Consumers cast a strong vote of confidence in the Trump administration as they pushed housing prices up with prospects of a growing economy.

The Case Shiller National Home Price index, released on February 28, reported a 5.8 percent annual gain from November, faster than last month’s robust gain. Prices increased 7.7 percent from a year ago.

Confidence in Donald Trump’s policies and a favorable outlook for business and labor market conditions has driven consumer confidence higher. The consumer confidence index rose to 114.8 in February from 111.8 in January, making it the best reading since July 2001, according to the Conference Board, a research group that puts out the monthly survey.

“The fact of the matter is that he’s [Trump] had a tremendous positive impact on confidence, both by households and by businesses,” said Michael Englund, chief economist at Action Economics, an intra-day commentary provider. “And what might be a positive for the economy is that people are willing to take more risk.”

Faster economic growth spurs consumers’ willingness to invest in big ticket items such as real estate and autos. With the economy picking up, people are more willing to moving around, switch jobs and invest in their future home.

Home sales have picked up along with housing prices (see chart). Sales were at a seasonally adjusted annual rate of 555,000 in January, a 3.7 percent increase above the revised December rate of 535,000 and a 5.5 percent rise since January 2016.

Home sales rose along with housing prices in 2016.

Strong demand for housing and inventory shortages combined with falling unemployment and gains in jobs and wages are an encouraging sign that the housing market is beginning to normalize.

“We are right now basically returning to a level of existing home sales that was pretty normal to the housing boom,” Robert Denk, a senior economist at the National Association of Home Builders, said, referring to the overheated housing market before 2008.

Rising home prices could become a problem as incomes continue to increase only slowly. Plans by the Federal Reserve Board to raise mortgage rates could also increase the cost of housing.

Federal Reserve Bank Chair Janet Yellen signaled that there could be at least two more rate hikes in the year.

Thirty-year fixed rate mortgages have for the most part been on the rise, averaging 4.10 percent from 3.64 percent a year ago, according to Freddie Mac. Economists believe that the Fed hikes will have little impact on mortgage rates.
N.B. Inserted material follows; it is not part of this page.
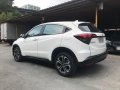 Selling White Honda HR-V 2018 in Pasig-6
The Fed affects the federal funds rate, which has more influence over short-term rates than long term rates like the 30-year fixed rate.

Some economists see rising rates as a good sign. Although people will be paying more to borrow money, people who have income based on interest earnings will see their accounts climb, encouraging them to spend more.

“By normalizing interest rates, we may generate more of the illusion that the markets are an OK place to invest,” Englund said.